Over the years we have seen banks close the accounts of gun stores simply because they sold a constitutionally protected item. This was wrong and the U.S. Senate telling them to back off probably helped.
I’ll grant that you might have to squint a little to see it but this is an analogous situation with the 1st Amendment:
Over the weekend, Rolling Stone broke the news that half a dozen of the bank’s clients had their banking accounts with Wells Fargo canceled with no previous warning. What do they have in common? Each has previously or is currently working in the adult entertainment industry. Some performers have held accounts with the bank for 25 years or more.
I’m a bit torn on this topic. Should a company (and/or an individual) be forced by law to do business with someone?

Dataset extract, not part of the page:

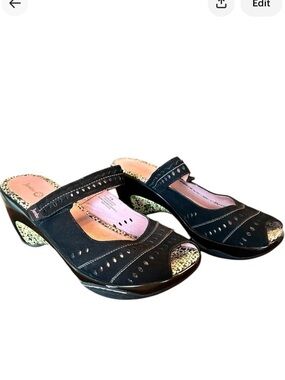 Jambu Touring Black Suede Floral Daisies Peep Toe Mary Jane Wedge Size 11 VGC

There is the wedding cake case for possible insight. There I was inclined to side with cake makers freedom of religion claim over the same sex couple wanting a wedding cake.
In the gun maker/distributor/seller and the adult entertainers banking cases I’m having a tougher time siding with the businesses. Sure, the Feds don’t have constitutional authority (like that has ever stopped them) to tell the banks they must do business with someone. Unless, of course, there is a “banking right” hidden in the constitution someplace. But the individual states could legislate such requirements.
Aside from the legal authority there are other issues. If a business can discriminate on the basis of occupation (assuming the risk is equivalent for the favored and disfavored occupations) then why can’t they discriminate on the basis of skin color, religion, gender, etc.? Perhaps, from a philosophical viewpoint, should they be allowed this freedom. But I’m not comfortable with that conclusion either.